I also need a solid spam solution; spamassassin simply doesn't cut it; not only does it run high processor on my server, it doesn't actually filter stuff like google does. Google almost never goes wrong for me; actually; I have had very few mistakes / missing mails. While with spamassassin, I'll be carefully inspecting 5k mails / day while still getting spam in my inbox.
I think my mailbox is a bit weird now, but it'll be quite normal as it'll be normal for people to have a mailbox since birth and taking it with them till they die. If you run a few businesses along the way, getting to 1 million messages is not hard; spam will find you as well. Media messages are getting common; I make a point of using dropbox/sftp for attachments, but not everyone does that, so I do get videos, huge blah megapixel cameras of birthdays of family etc. This is normal and will only grow; the current mail solutions don't handle it well. If you want to deliver a competitor to gmail, you need to make this work imho and it needs to be a test case.
Like I put in the tail of my post; I don't think i'm an outlier anymore soon. The 50 email addresses; sure, but the amount of mail, maybe for now, but not for long. And certainly not (already!) in size; there are plenty of people who get/send all their video/images/large docs via email.

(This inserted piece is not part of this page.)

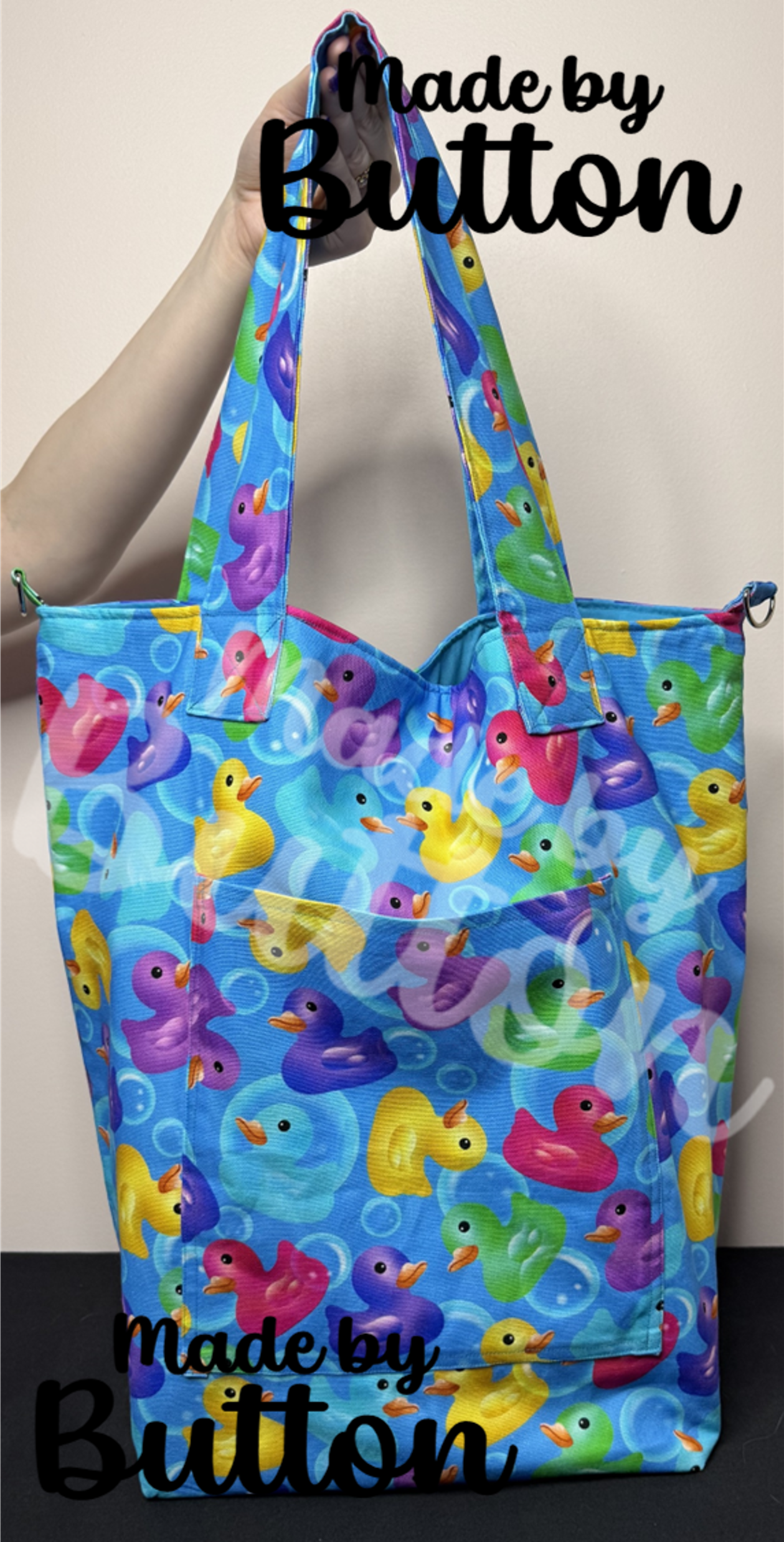 "Ducking Splash-tastic" Large Tote Bag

Edit: also, the Google team was really good to me and my (free! well I pay more for storage obviously, but it's not a google apps one) mailbox; on several occasions they contacted me when my mailbox was not functioning and helped fix the issues with it. Compared to a few years ago, the gmail backend, for me has gotten a lot better; search used to just stall; now it's always fast and accurate. And when I deleted a significant amount of mails, my mailbox would be unreachable for at least 1 day (giving a Oops error code 14 or something like that); no it just works.
Edit2: I rather would like the spam AI from Google as a webservice for all clients to use, or an open source alternative. Spamassassin is a nice initiative, but it never worked for anyone I know. A lot of my colleagues just ended up routing their company mail through gmail to get a better spam filter.
You are an outlier and will always be an outlier. I've had email since I got my first modem in 1985. I've had hundreds of email addresses between BBSes, online services and the Internet. I've happily deleted all the mail and given up the addresses for all but a handful.
What might change at some point is A&E launching a Digital Hoarder reality show wherein people with such a storage proclivity can get the help they need.
Maybe you are right. I don't think so though; people are lazy and if the default status is that you can keep everything you have anyway (considering the allotted yearly storage growth and the plummeting prices of storage in general) you won't bother deleting anything.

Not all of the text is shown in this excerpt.